138. Abrego Garcia, Constructive Custody, and Federal Judicial Power
Federal courts don't have jurisdiction over foreign prisons. That doesn't mean that they're powerless when the U.S. government wrongly removes someone from the United States.
Welcome back to “One First,” an (increasingly frequent) newsletter that aims to make the U.S. Supreme Court more accessible to all of us.
It’s hard to keep up with the flood of court-related news stories these days. But I wanted to write this morning to flag a remarkable (and time-sensitive) ruling yesterday by Judge Paula Xinis (a federal judge in the District of Maryland), ordering the U.S. government to bring back to the United States Kilmar Armando Abrego Garcia—a Salvadoran national whom the Trump administration wrongly removed from the United States (due to what it claims was an “administrative error”) on March 15, and who has been detained at the notorious “CECOT” mega-jail in Tecoluca, El Salvador ever since. Judge Xinis ordered the government to effectuate Abrego Garcia’s return to the United States by 11:59 p.m. this Monday, April 7. The government has already appealed her ruling to the Fourth Circuit.

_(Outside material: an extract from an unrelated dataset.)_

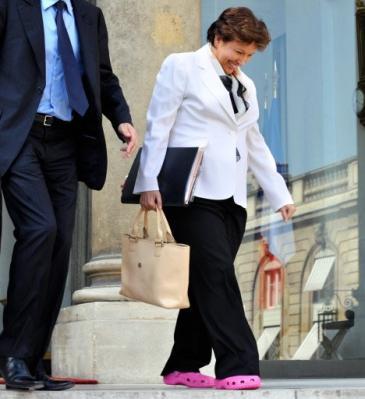 Qui ne connait pas les Crocs?? Bachelot en sabots roses au Conseil des ministres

When asked about Judge Xinis’s ruling on Friday, White House Press Secretary Karoline Leavitt responded that “We suggest the Judge contact [Salvadoran] President Bukele because we are unaware of the judge having jurisdiction or authority over the country of El Salvador.” Leaving aside the Trump administration’s refusal to take any responsibility for the consequences of its own error, that obnoxious retort is true so far as it goes. The problem is that it just doesn’t go very far. Federal courts may not have the power to compel the release of an individual from a foreign prison, but they unquestionably have the power to order the U.S. government to take whatever steps it can to effectuate the same result. And it seemed worth writing a (short) post explaining why.

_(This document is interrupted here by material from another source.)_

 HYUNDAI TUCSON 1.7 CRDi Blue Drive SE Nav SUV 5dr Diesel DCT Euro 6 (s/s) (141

The statute that authorizes the federal courts to review petitions for writs of habeas corpus has, as its jurisdictional predicate, the idea that the petitioner is in “custody” that is, in some way, in violation of U.S. law. And although the capacious view of “custody” endorsed by the Supreme Court in 1963 has been narrowed somewhat, it is still settled law that one can be in “custody” without being in the respondent’s “actual, physical custody,” either because they remain subject to conditions of release (like parole), or because they’re being held by someone other than the respondent, but at the respondent’s behest. This idea has become known in the case law as “constructive custody.” As the Sixth Circuit put it in 1979, “It is enough that the imprisoning sovereign is the respondent’s agent; that his liberty is restrained by the respondent’s parole conditions; or that he can point to some continuing collateral disability which is the result of the respondent’s action.”
Consider the case of Ahmed Omar Abu Ali, a U.S. citizen who was being held in Saudi Arabia in 2004. Abu Ali’s parents brought a habeas petition in the D.C. federal district court (naming Attorney General Ashcroft as the respondent), alleging that, although their son was in a Saudi prison, he was being held (and interrogated) only at the behest of the U.S. government as a way of avoiding judicial review in the United States. Judge Bates ruled that, if those allegations were valid, he would have jurisdiction over the habeas petition—not because he could order the Saudi government to release one of its own prisoners, but because he could order the U.S. government to cease doing … whatever it was doing. Bates thus ordered jurisdictional discovery into the extent of the U.S. government’s involvement—at which point, the U.S. government … mooted the case (by indicting Abu Ali on criminal charges and promptly transferring him to U.S. custody in Virginia—indirectly vindicating the central allegation in his habeas petition).1
The Abu Ali case is evocative, but it’s no outlier. Every first-year Civil Procedure student who suffers through “personal jurisdiction” learns that courts can use their power over defendants who are in their jurisdiction to regulate conduct that occurs elsewhere. And so the question in the Abrego Garcia case is not whether Judge Xinis can order President Bukele to do anything (she can’t); it’s whether and to what extent Secretary Noem, who certainly is subject to Judge Xinis’s jurisdiction, can take steps to effectuate Abrego Garcia’s return. If Noem swears under oath that she’s powerless, that would be one thing. But (1) that would be more than a little difficult to believe; and (2) that hasn’t happened yet.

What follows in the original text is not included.